# Response time and time constant of Mercury thermometer

I searched to find differences between response time and time constant of a thermometer. So I found that those two are not same and we have to get 99.3% of the total step change to find response time and we have to get 63.2% of its total step change to find time constant of thermometer... Is this correct or not and are those percentages are correct or not? Can you explain why that is... Thanks in advance...

• So a mercury thermometer? May 16, 2021 at 19:21
• Yes it is a mercury thermometer. May 16, 2021 at 19:23

Response time, more precisely called settling time is time after the system output settles to the new value after change in the input (in your case the output is reading of the thermometer and input is actual value) - more precisely time after the error between target value and actual doesn't exceed certain threshold, because the value will never reach that targen in finite time, it will only asymptoticly approaching it. How big is that threshold (how wide is error band), depends on arbitrary decision - in your case it seems like it's 0.7% error, which is quite small one. More often it's something like 2 or 5%. But to settling time be meaningful that error band need to be known.

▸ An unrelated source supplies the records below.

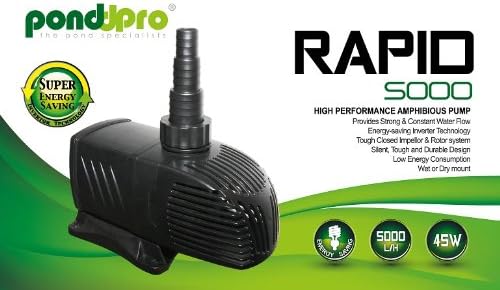 PONDPRO RAPID ECO FISH POND PUMP OR SUBMERSIBLE WATER KOI PUMPS ECO LOW WATTAGE (PDP02 - 5000L/H RAPID POND PUMP)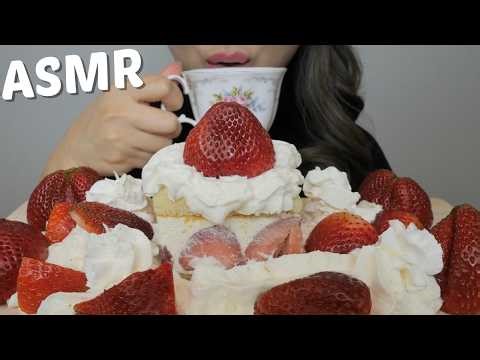 ASMR *FRESH Strawberry and Whipped Cream with Strawberry Cake No Talking Eating Sounds | N.E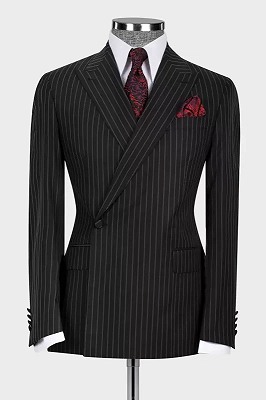 Levi Formal Black Striped Peaked Lapel Business Suits_1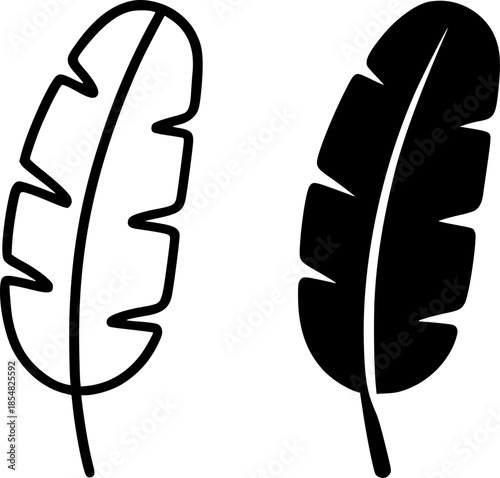 Banana leaf illustration icon, black and white, outline and silhouette versions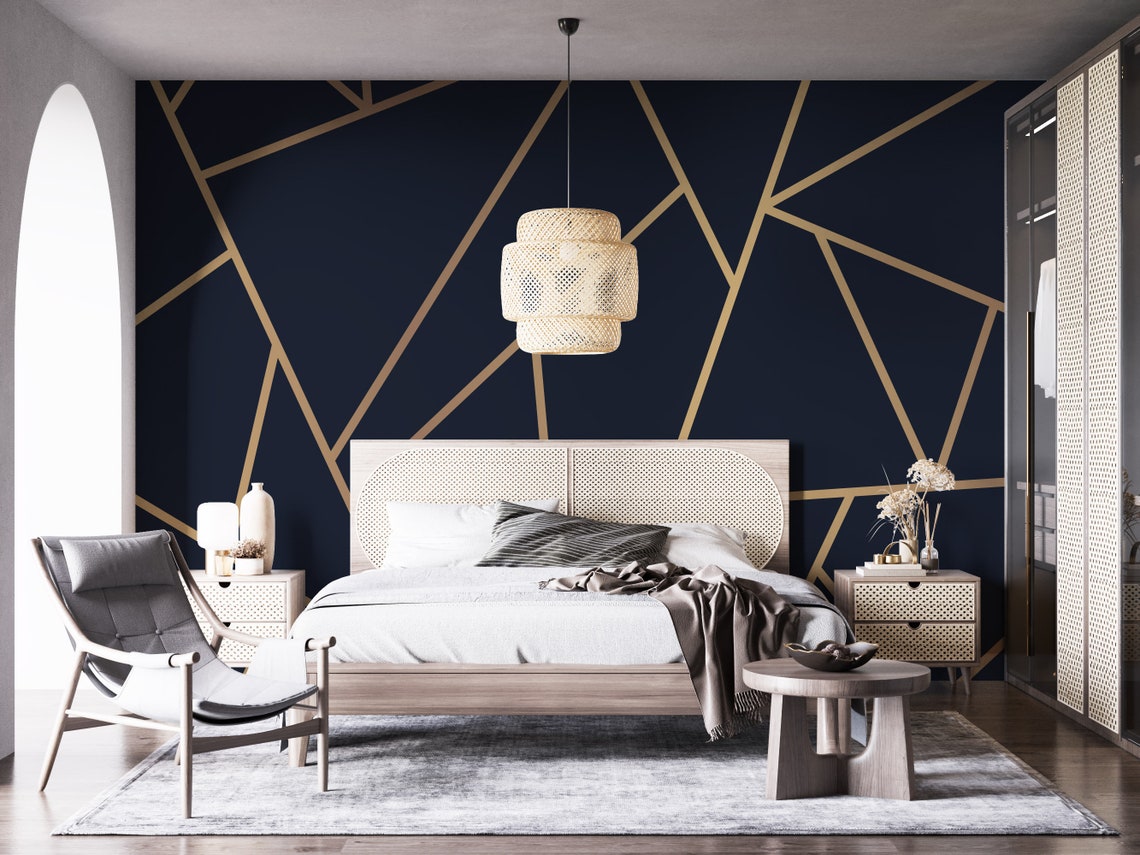 Navy Blue and Gold Geometric Wallpaper Peel and Stick Etsy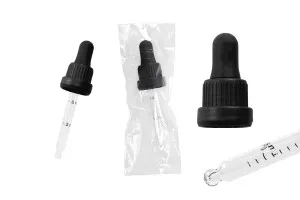 Σταγονομετρητής 30 ml με μαύρο φαρδύ καπάκι ασφαλείας, διαβάθμιση και πιπίλα σε μαύρο ΜΑΤ ή γυαλιστερό χρώμα - σε ατομική συσκευασία-6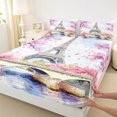 thumbnail image 3 of Manfei Paris Eiffel Tower Twin Sheet Sets for Teen, Pink Cherry Blossoms Twin Fitted Sheet, Chic Watercolor Flat Sheet, Breathable Home Decor, 3-Piece, 3 of 7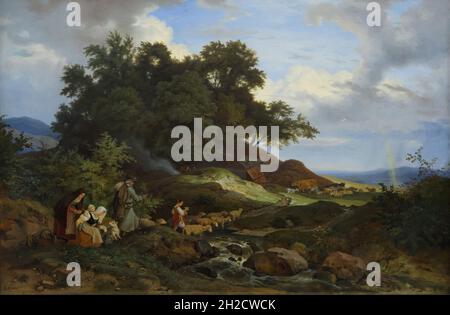 Painting 'Landscape with Rainbow' ('Bohemian Pastoral') by German Romantic landscape painter Ludwig Richter (1841). Stock Photo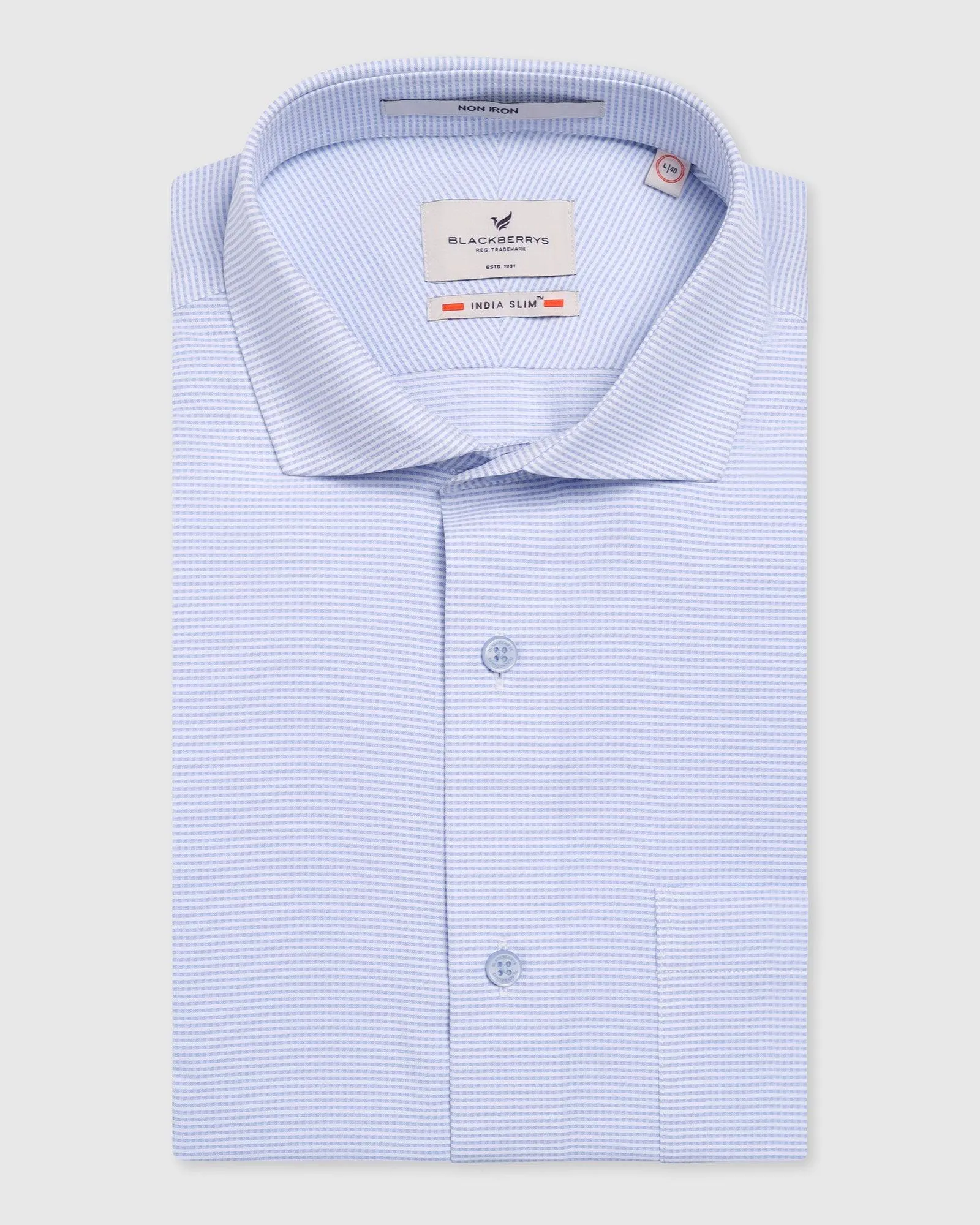 Non Iron Formal Blue Textured Shirt - Matrix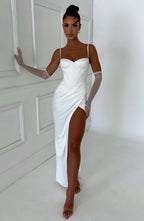Despina – Satin-Maxikleid mit Beinschlitz und Korsett-Schnürung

Time constant on the other hand is just constant in equations/transfer function describing the system. For first-order system (which thermometer probably can be approximated with) it just happens to be equal time after 63.2% of that change is made. That's because for first-order system it describes time after output would reach target level if initial rate of change was maintained (see initial rate of movement on the picture below). And since the value changes are exponential it turns out to be 63.2%.

(First order system step response)

The typical first order unit step response is an exponential decay, $$1-e^{-t/T}$$ where $$T$$ is the time constant. The value of the expression after $$t=T$$ is $$1-e^{-1}$$ or 0.632=63.2%. That's where that comes from.
The 99.3% is either writing the same specification as another multiple of T (i.e. $$t=5T$$, thus $$1-e^{-5}$$ = 0.993 =99.3%), and/or that the system is not first order, which shouldn't be assumed.